■ Exercise directions:
Set down a word-for-word copy of the data below, limited to the lines from the first through the line with "黑龍江旅游職業(yè)技術(shù)學(xué)院".

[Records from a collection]
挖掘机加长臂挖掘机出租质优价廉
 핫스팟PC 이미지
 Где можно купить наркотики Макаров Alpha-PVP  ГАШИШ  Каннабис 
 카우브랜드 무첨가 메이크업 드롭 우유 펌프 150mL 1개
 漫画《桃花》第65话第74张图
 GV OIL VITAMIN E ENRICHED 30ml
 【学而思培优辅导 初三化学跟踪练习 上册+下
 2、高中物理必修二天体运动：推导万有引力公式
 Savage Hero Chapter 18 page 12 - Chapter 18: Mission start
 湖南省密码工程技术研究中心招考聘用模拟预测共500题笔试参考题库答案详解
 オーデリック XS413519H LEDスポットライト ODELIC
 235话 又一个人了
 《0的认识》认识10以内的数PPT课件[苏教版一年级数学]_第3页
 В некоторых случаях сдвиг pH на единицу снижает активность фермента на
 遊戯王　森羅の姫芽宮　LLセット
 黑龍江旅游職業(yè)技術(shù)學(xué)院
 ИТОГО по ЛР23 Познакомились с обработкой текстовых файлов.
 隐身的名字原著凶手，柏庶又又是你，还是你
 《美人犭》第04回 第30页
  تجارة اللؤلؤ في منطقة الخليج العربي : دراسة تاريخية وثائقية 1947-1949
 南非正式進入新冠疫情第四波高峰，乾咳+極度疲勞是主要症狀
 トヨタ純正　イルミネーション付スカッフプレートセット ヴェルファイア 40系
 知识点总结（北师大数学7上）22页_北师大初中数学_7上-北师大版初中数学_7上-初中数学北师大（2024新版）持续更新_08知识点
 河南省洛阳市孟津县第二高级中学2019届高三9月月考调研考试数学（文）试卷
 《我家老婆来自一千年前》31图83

■ Solution to the problem:
挖掘机加长臂挖掘机出租质优价廉
 핫스팟PC 이미지
 Где можно купить наркотики Макаров Alpha-PVP  ГАШИШ  Каннабис 
 카우브랜드 무첨가 메이크업 드롭 우유 펌프 150mL 1개
 漫画《桃花》第65话第74张图
 GV OIL VITAMIN E ENRICHED 30ml
 【学而思培优辅导 初三化学跟踪练习 上册+下
 2、高中物理必修二天体运动：推导万有引力公式
 Savage Hero Chapter 18 page 12 - Chapter 18: Mission start
 湖南省密码工程技术研究中心招考聘用模拟预测共500题笔试参考题库答案详解
 オーデリック XS413519H LEDスポットライト ODELIC
 235话 又一个人了
 《0的认识》认识10以内的数PPT课件[苏教版一年级数学]_第3页
 В некоторых случаях сдвиг pH на единицу снижает активность фермента на
 遊戯王　森羅の姫芽宮　LLセット
 黑龍江旅游職業(yè)技術(shù)學(xué)院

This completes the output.